Day-ahead power in Germany turned negative for the first time in at least five years as utilities prefer to pay users rather than halt plants amid low demand, mild temperatures and higher-than-average wind generation.

Baseload next-day power, for supplies delivered around the clock, fell as low as minus 15 euros (minus $19.84) a megawatt- hour, compared with 22 euros a megawatt-hour on Dec. 21 for power delivered today, according to broker data compiled by Bloomberg.
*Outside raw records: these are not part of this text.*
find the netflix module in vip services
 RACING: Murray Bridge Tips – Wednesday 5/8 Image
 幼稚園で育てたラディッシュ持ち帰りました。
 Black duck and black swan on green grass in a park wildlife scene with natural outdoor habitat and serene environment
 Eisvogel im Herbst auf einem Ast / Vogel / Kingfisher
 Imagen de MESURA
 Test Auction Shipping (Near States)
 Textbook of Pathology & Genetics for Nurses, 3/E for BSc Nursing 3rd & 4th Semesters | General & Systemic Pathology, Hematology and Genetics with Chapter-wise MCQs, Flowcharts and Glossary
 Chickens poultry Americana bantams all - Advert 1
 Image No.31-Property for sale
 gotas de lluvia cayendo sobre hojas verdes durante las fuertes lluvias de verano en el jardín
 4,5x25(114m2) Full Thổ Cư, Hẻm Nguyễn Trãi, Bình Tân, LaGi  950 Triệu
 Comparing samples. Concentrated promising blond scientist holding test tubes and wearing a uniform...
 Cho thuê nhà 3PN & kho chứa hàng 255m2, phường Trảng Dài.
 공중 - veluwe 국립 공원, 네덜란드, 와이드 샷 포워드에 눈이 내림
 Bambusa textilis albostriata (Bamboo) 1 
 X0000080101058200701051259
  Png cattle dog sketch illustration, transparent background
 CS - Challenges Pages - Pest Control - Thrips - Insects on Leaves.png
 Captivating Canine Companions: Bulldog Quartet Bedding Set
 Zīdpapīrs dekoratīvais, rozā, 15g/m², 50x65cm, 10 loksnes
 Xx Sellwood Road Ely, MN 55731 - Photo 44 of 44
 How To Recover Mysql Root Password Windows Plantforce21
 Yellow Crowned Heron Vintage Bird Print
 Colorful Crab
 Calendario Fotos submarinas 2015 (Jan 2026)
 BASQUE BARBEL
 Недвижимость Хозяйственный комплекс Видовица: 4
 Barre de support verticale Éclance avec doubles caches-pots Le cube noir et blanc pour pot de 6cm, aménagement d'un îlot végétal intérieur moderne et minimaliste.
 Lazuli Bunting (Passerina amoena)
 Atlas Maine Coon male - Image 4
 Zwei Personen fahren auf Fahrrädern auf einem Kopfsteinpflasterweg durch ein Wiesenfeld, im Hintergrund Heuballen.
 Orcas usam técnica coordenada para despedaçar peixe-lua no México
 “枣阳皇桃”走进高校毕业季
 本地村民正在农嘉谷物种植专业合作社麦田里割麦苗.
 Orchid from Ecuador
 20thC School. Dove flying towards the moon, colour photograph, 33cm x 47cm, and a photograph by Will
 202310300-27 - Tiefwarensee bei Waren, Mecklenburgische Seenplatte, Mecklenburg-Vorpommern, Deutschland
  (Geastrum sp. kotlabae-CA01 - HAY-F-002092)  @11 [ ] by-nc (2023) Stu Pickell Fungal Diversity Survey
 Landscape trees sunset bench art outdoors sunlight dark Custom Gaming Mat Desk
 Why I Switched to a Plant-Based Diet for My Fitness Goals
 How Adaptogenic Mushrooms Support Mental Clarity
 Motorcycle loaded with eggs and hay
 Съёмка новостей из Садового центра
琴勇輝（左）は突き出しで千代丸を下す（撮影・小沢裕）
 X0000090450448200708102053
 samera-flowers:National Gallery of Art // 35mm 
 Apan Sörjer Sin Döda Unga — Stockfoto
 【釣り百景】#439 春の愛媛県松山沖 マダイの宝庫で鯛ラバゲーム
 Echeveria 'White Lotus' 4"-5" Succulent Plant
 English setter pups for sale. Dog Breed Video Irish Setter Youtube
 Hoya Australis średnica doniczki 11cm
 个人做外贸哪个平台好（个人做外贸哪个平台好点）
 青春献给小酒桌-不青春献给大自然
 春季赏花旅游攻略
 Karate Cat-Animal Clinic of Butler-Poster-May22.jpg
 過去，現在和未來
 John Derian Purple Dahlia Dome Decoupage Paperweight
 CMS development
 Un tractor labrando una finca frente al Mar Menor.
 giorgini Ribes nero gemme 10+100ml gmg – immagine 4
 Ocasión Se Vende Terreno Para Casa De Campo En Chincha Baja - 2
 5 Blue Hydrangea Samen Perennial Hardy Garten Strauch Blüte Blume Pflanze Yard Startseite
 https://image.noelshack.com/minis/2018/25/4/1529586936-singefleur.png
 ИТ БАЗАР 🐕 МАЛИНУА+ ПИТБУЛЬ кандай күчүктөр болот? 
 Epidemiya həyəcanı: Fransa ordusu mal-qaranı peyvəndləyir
That's the first time the day-ahead contract has been negative since Bloomberg started collecting the data in 2007.

(...) Utilities including EON SE and RWE AG (RWE) may prefer to pay users rather than halt fossil fuel-fed plants when turbines and solar cells push power supply above demand.

"Operators may just decide to accept that they are giving away power and money during the Christmas week for a few hours rather than putting up with even higher costs for switching their units off," Juergen Rogalla, head of power plant operations at Stadtwerke Bielefeld GmbH, a regional utility supplying 280,000 households with power and gas, said Dec. 21.

Wind output in Germany is predicted to rise to about 15 gigawatts tomorrow, Meteologica SA, a Madrid-based weather forecaster, said on its website. That compares with an average level of 5 gigawatts, according to data from Leipzig, Germany- based European Energy Exchange AG on Bloomberg.